|
This Week's Sermon THE FIFTEENTH SUNDAY AFTER PENTECOST 13 September 2009 "I Believe; Help My Unbelief!"
Soli Deo Gloria!
|
|
"I believe; help my unbelief!" is perhaps the most realistic description of every Christian. Like every believer of every age, you and I are often assailed by doubts, really, unbelief. It is the flip side of confidence and trust. It doesn't mean that you have lost faith altogether, but that your faith is assailed, under attack. You suffer from doubts whether or not the promises of God are true for you. "Help my lack of faith! If only I could believe to the extent that you describe, being able to overcome all things! But I cannot because my faith is too small."This unbelief isn't the unbelief of the self-professed atheist who is confident that none of it is true. That isn't what is happening here. The man pleads with Jesus to do something if he can. This is not a complete turning his back on Christ, but he doubts. We aren't speaking of hardened unbelievers or militant atheists, but of people just like you.

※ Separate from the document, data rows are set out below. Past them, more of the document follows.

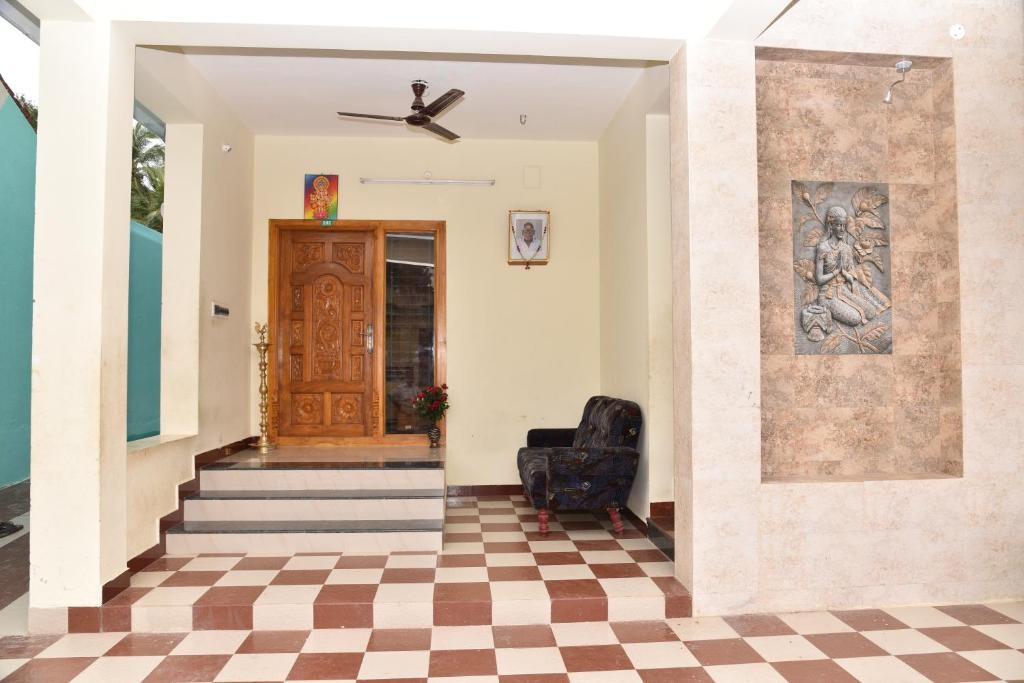 Thirumalai Home Stay - Group & Family Stay Room VL Swami Malai Temple photo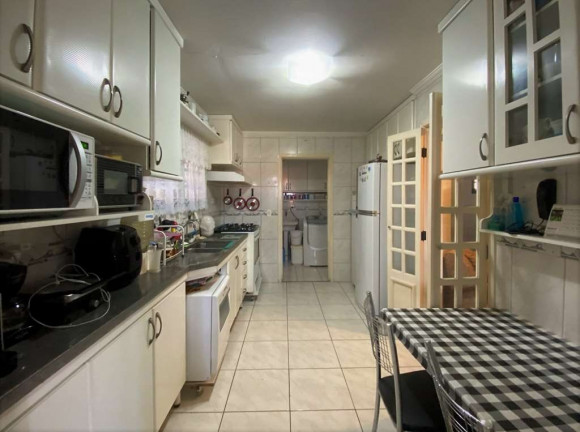Imagem Imóvel com 4 Quartos à Venda, 270 m² em Jardim Lambreta - Cotia Imagem Imóvel com 4 Quartos à Venda, 270 m² em Jardim Lambreta - Cotia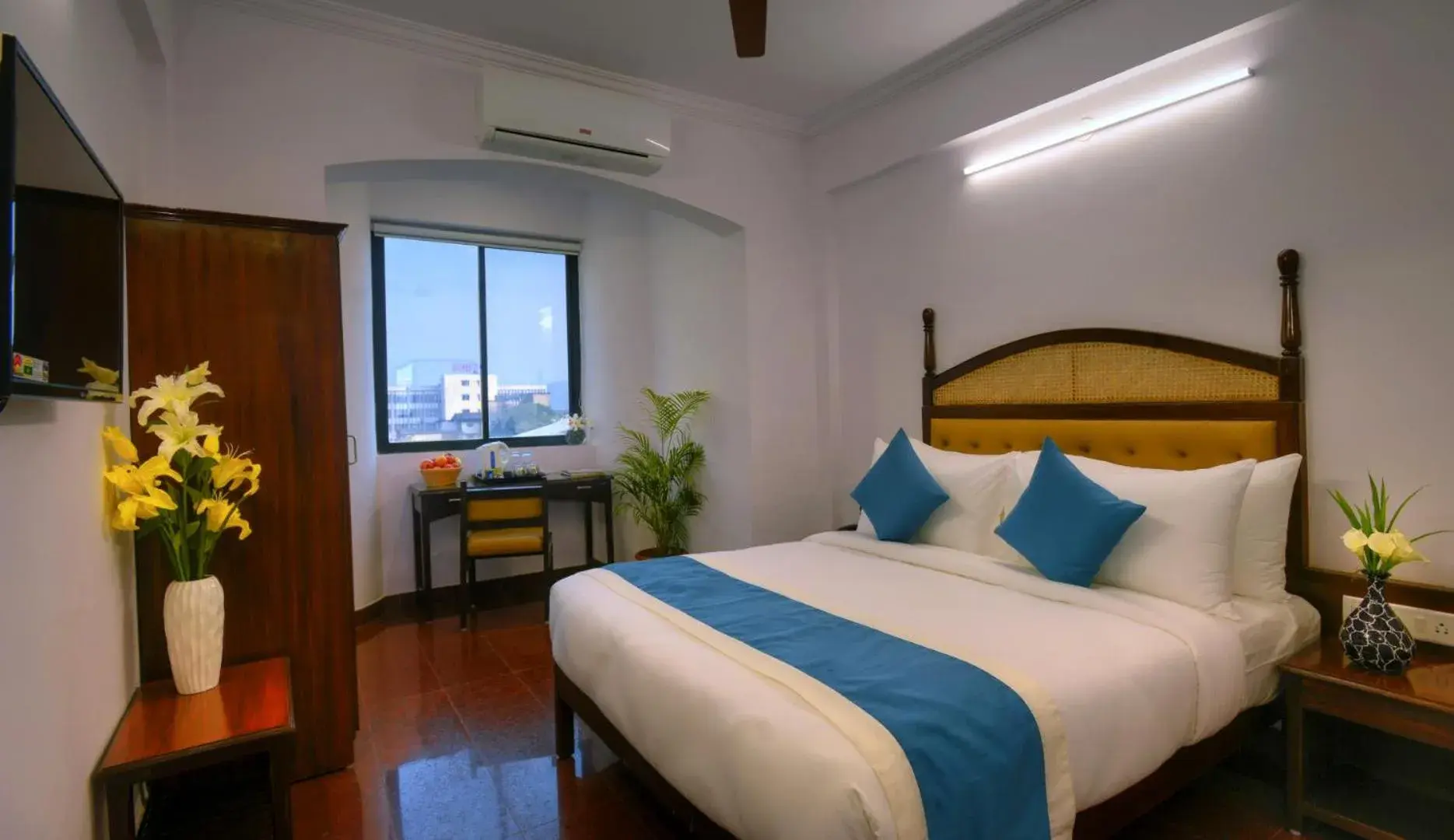 Deluxe Single Room in TreeHouse Neptune Inn Deluxe Single Room in TreeHouse Neptune Inn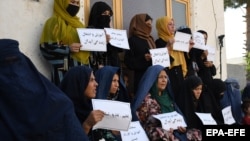 تعدادی از زنان معترض که خواهان توجه جدی جامعه بین المللی به وضعیت زنان و دختران در افغانستان هستند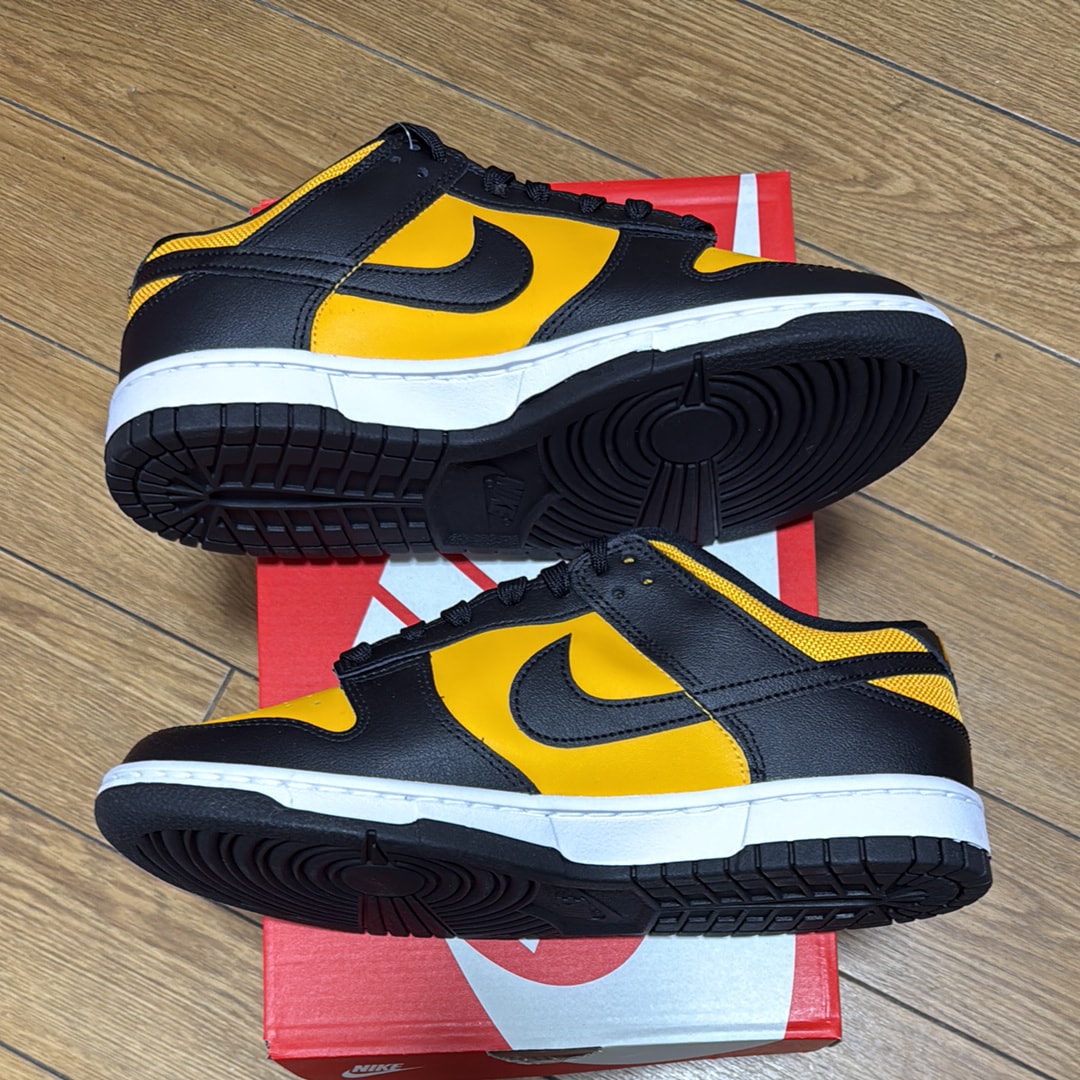Nike Dunk Low "Black/University Gold"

After his rejection at Nazareth, Jesus sent out the twelve disciples two by two, with authority over the unclean spirits. This meant that the disciples could command unclean spirits to come out of those so possessed, thus healing them. We don't hear much about that until this section of Mark's Gospel when we find the scribes arguing with the disciples. From the crowd a man tells Jesus his situation. He had brought his son to the disciples so that they would cast out an unclean spirit which troubled the boy, causing all sorts of problems, one of them being epilepsy. But the disciples had been unsuccessful in healing the boy, and this had created a controversy.
The disciples and the crowd are rebuked by Jesus as he calls them a "faithless generation." If you were to review everything that Mark has recorded in his Gospel until now, you would see that Jesus had healed many people of demon-possession as well as various illnesses and conditions. He fed five thousand men with a few loaves and fishes, and then four thousand on another occasion. He had calmed a storm on the lake. He walked on the water. He spoke of his suffering, death, and resurrection. And yet, the people did not have faith in him as Savior. I have sometimes heard people say, "Well, if I had been there in those crowds I certainly would have believed in Jesus and everything he said." The disciples were . . . and didn't. I worry that had I been there I would have been the most hardened Pharisee in the crowd!
Over the years I have observed that some people don't want to call me to minister to them when they are ill because they think that they aren't in imminent danger of death. They have the wrong idea that the only time one calls the pastor is if one is going to die, but they ignore the fact that many of the common problems of life become crises of faith. In other words, they don't realize that their faith is under attack by Satan.
Every Christian has such crises. The greatest saints have been afflicted with this kind of unbelief or these doubts. Many people are surprised to learn that even those who teach and preach God's Word to them are filled with the same unbelief that they have! Oh, but it's true! Having more knowledge about the things of God doesn't necessarily mean one has more faith. Faith should never be thought of as mere knowledge. Knowledge does not equal faith, as James points out [James 2.19]. The demons have knowledge of God and are afraid! But they do not have faith. It doesn't mean that those who have knowledge are safe from the attacks of Satan. Quite the opposite, those who have more knowledge are attacked far more often. Ask any pastor and, if he is honest with you, he will tell you that this is true.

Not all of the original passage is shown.